Mathematial background
Introduction
The Radon transform [1] is an integral transform which is the foundation behind computed tomography (CT). It projects the values of a function along straight lines onto a detector. These projections are calculated for a set of different observation angles around the function. Such a dataset allows to reconstruct the original function distribution.
Definition
The general definition of the parallel attenuated Radon transform (ART) $\mathcal{R}_{\mu}$ is
\[g(s, \theta) = (\mathcal{R}_{\mu} f)(s, \theta) = \int_{-\infty}^{\infty} f(s\,\pmb{\omega} + t\,\pmb{\omega}^{\perp}) \exp\left(- \int_t^{\infty} \mu\left(s\,\pmb{\omega} + \tau\,\pmb{\omega}^{\perp}\right)\,\,\mathrm{d}\tau\right)\,\, \mathrm{d}t\]
where $\mu$ is the position dependent absorption coefficient. The vectors are defined as $\omega=(\cos \theta, \sin \theta)$ and $\omega^{\perp}=(-\sin \theta, \cos \theta)$.
In case of zero absorption ($\mu=0$) the ART reduces to the ordinary Radon transform.
Adjoint
If $\mu$ is known, the adjoint of the ART with respect to $f$ is given by
\[(\mathcal{R}_{\mu}^* g)(x, y) = \int_{0}^{2\pi} g( \pmb{\omega} \cdot [x,y]^{\intercal}, \theta) \exp\left(- \int_{[x,y]^{\intercal} \cdot \pmb{\omega}^{\perp}}^{\infty} \mu\left([x,y]^{\intercal} \cdot \pmb{\omega} + \tau\,\pmb{\omega}^{\perp}\right)\,\,\mathrm{d}\tau\right)\,\, \mathrm{d}\theta\]

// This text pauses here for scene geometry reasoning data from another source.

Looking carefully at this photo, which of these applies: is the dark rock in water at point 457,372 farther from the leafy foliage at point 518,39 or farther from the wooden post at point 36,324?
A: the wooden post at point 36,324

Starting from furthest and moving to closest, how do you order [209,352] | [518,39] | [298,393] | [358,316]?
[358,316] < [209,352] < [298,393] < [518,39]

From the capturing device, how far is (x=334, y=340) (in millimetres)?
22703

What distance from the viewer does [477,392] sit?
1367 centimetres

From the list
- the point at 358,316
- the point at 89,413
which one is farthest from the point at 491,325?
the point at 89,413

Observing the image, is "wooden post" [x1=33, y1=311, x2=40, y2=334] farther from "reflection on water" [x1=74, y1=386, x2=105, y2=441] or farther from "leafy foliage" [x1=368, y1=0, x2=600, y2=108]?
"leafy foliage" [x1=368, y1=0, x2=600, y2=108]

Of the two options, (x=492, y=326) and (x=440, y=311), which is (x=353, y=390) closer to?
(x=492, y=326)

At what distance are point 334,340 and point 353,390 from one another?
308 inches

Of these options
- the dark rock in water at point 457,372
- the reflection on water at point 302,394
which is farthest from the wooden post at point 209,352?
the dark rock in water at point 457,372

where $\mu$ is the position dependent absorption coefficient. Qualitatively, the Radon transform calculates the shadow of a sample if illuminated with plane waves.
Discretization
On the other hand, the adjoint Radon transform smears the shadows (projection patterns) back into space and deposits values at each point. The pair of $\mathcal{R}_{\mu}$ and $\mathcal{R}_{\mu}^*$ can be used in gradient descent based optimizers.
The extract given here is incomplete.